- Material: Stone
- Size: Length of left and right panels - c. 263 cm each
- Weight: c. 321 kg (each panel)
- Writing: Mayan Script
- Created: 775 AD
- Discovered: Copan, Honduras
- Present location: British Museum, London
- Registration: Am1923, Maud.15

= Copán Bench Panel =

Mayan bench panel

The Copán Bench Panel or Copan Bench Panel is the name of a sculpted platform that was originally located in Temple 11 at the Maya site of Copán in Honduras. Discovered by the English archaeologist Alfred Maudslay in the late nineteenth century, it now forms part of the British Museum's extensive collection of ancient artefacts from Central America. Dated to the late 8th Century AD, the panel is both a work of art and a significant historical record of royal authority.

==Description==
The stone bench is composed of two long panels that when aligned together are over 5 metres in length. Both panels depict twenty seated individuals, split into two groups of ten facing each other, between which is engraved a central panel with hieroglyphic text.
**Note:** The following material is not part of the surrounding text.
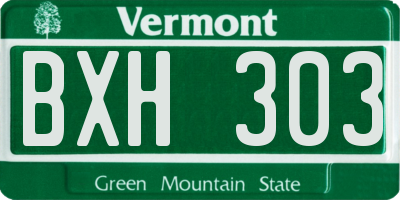 VT license plate BXH303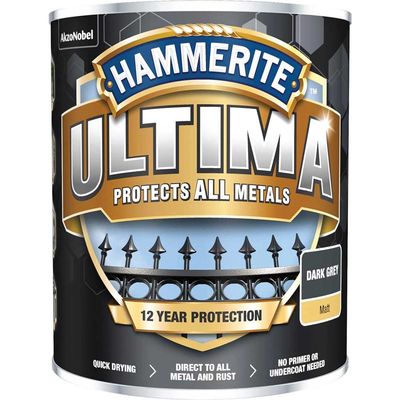 Hammerite 5362534 Ultima Metal Paint Matt Dark Grey 750Ml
The scene portrayed on this enormous sculpture is thought to depict King Yax-Pac's accession to the throne, overseen by his ancestors from previous dynasties. Yax-pac is shown seated to the right of the central text; it is conjectured that the deceased kings' presence helped to justify his claim to the royal throne. The iconography of the bench panel is very similar to the famous Copán Altar Q.

==Provenance==
Maudslay found this bench panel in pieces above a raised platform inside Temple 11 at Copán in 1881. He shipped it to England along with a number of other sculptures from the site and later donated most of his collection to the Victoria and Albert Museum, which in turn transferred Maudslay's original sculptures and extensive range of casts to the British Museum in 1923.

==See also==
- Yaxchilan Lintel 24
- Fenton Vase
- Tulum Stela 1

==Bibliography==
- M. Coe, Breaking the Maya code (London, Thames & Hudson, 1992)
- L. Schele and M.E. Miller, The blood of kings (London, Thames & Hudson, 1986)
- M. Coe and J. Kerr, The art of the Maya scribe (London, Thames & Hudson, 1997)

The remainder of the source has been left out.